Wireless multi-room audio and high-end audio dominated the news cycle in recent days, but on a recent weekend trip to New York’s state’s Hudson Valley region, my thoughts turned to an earlier generation of home-audio products. Much earlier.
In a dusty antique store, I found not one but two compact audio systems from another era. Both were RCA Victor turntables with a footprint of only about 1.5 square feet and a height of about eight inches, excluding tonearm. Neither was designed for use with a bulky gramophone horn. And neither turntable required electricity to operate; you cranked a handle and let the 78s spin.

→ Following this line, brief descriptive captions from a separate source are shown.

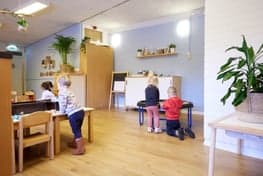 Doomijn Peuteropvang Mussenhage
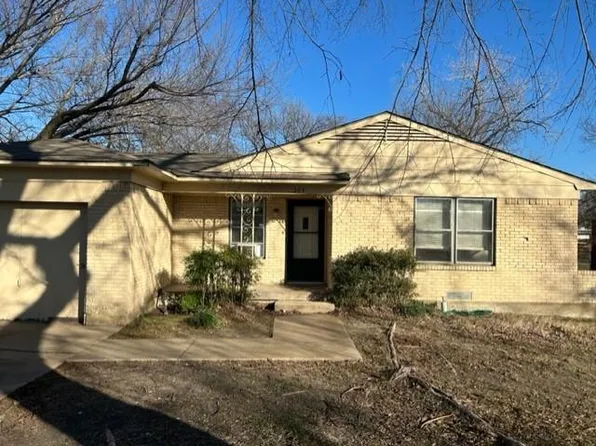 303 S Ballard Ave, Wylie, TX 75098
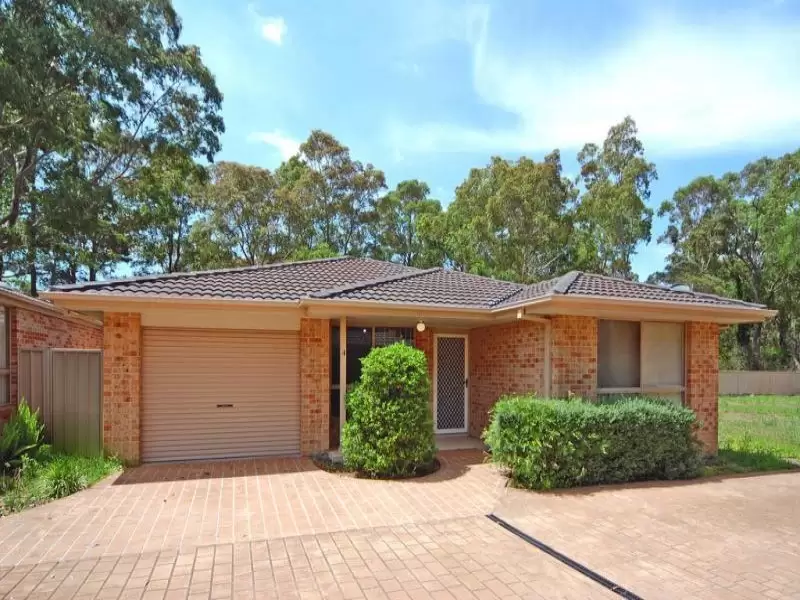 4/76 Hillcrest Avenue, South Nowra Sold by Integrity Real Estate - image 1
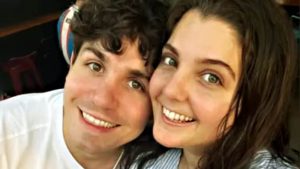 Quién era la pediatra de Roldán que murió en un choque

Because of their size and hand-crank operation, you could use either one as a portable boombox and take your music on the go. Boombox, by the way, would be an accurate description of these devices. Vibrations picked up by the record player’s “needle” are transmitted through the tonearm to the hollow oak base beneath the record player’s rotating platter. Inside the base, the vibrations are amplified by a wooden horn with horizontal wood fins that fire out toward listeners. To adjust the volume, you swing open two doors on the front of the base, opening them up all the way to crank it up.
I brought the smaller model home to join a trio of old-time radios. The turntable’s sound was bright, and the vocals weren’t always intelligible. (Might have been the software.) But I caught enough lyrics to understand why one record was labeled “not licensed for broadcast.”